__YOUR ASSIGNMENT__: Write out, with no changes, every line starting at the one that contains "Lunessa Knitted Flared" and ending at the last line of the data below. Leave pictures out.

__DATA SECTION__:

[Start of Attachment]

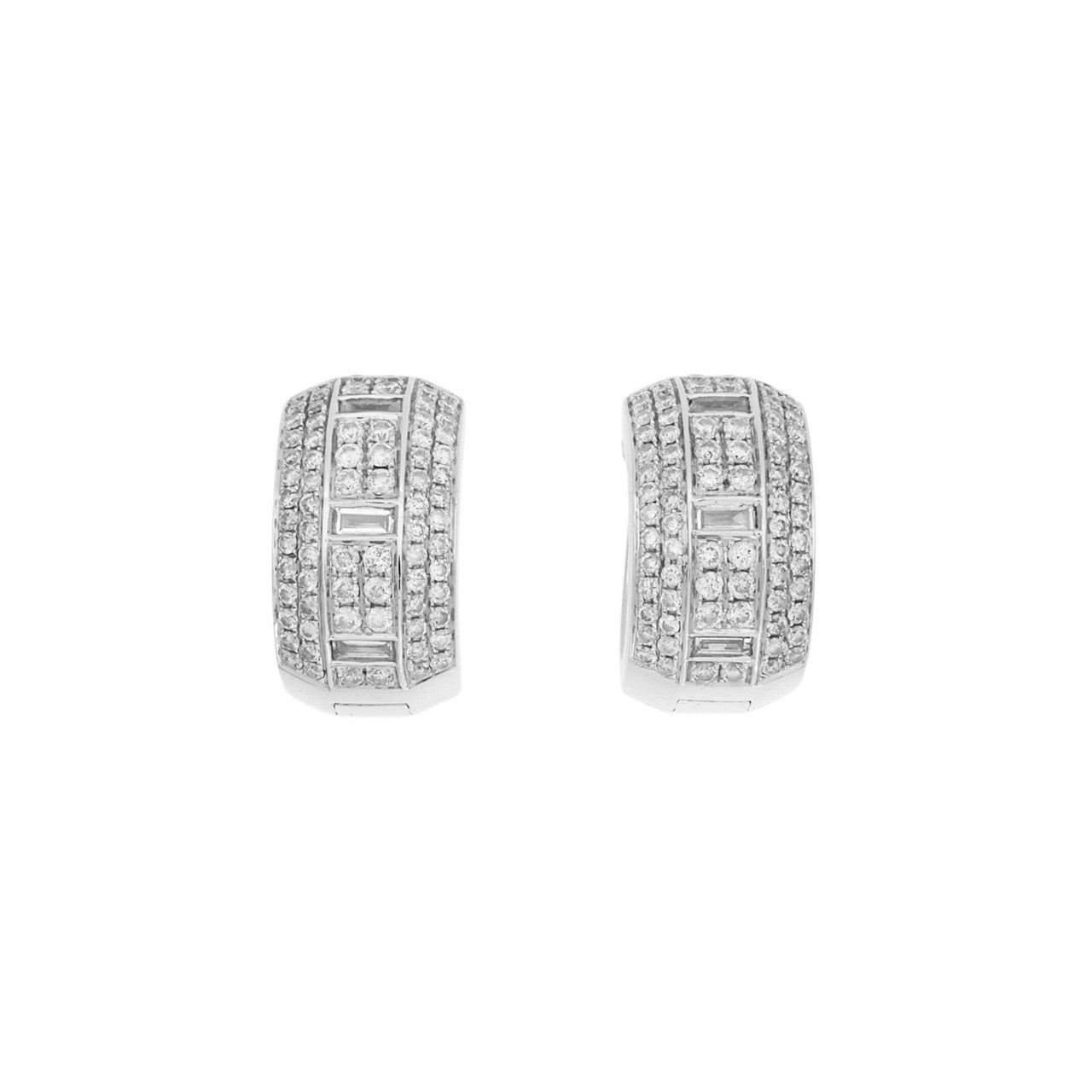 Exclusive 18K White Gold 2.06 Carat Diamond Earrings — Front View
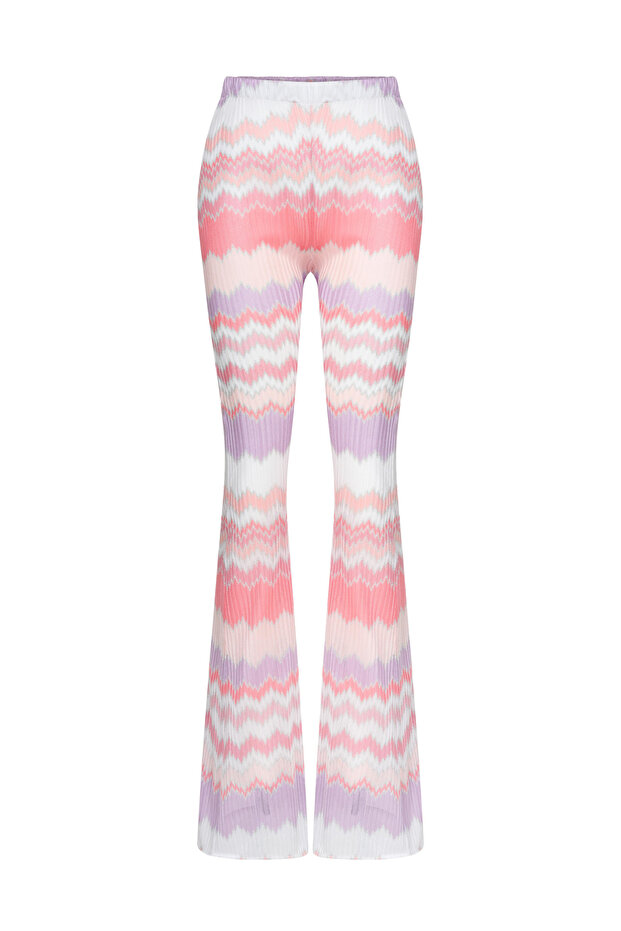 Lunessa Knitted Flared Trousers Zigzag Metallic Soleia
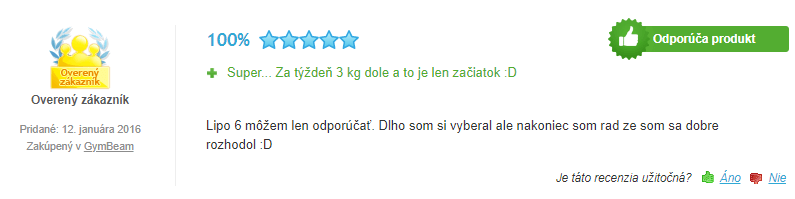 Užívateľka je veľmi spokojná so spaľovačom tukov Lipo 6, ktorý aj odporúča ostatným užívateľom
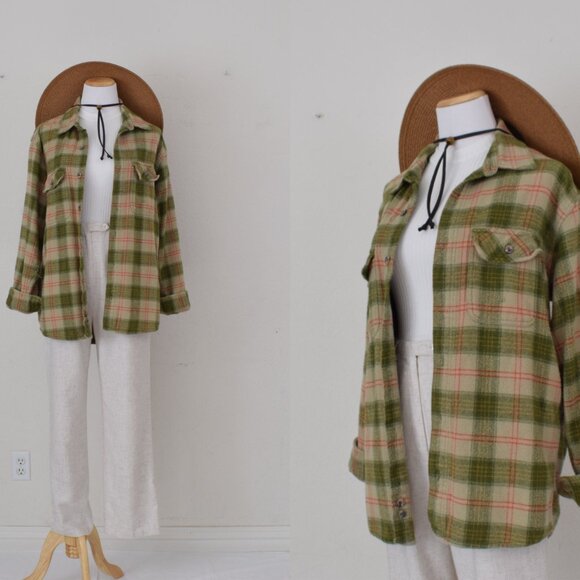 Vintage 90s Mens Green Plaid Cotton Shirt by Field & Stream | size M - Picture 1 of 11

[End of Attachment]

__SOLUTION BELOW__:
 Lunessa Knitted Flared Trousers Zigzag Metallic Soleia
 Užívateľka je veľmi spokojná so spaľovačom tukov Lipo 6, ktorý aj odporúča ostatným užívateľom
 Vintage 90s Mens Green Plaid Cotton Shirt by Field & Stream | size M - Picture 1 of 11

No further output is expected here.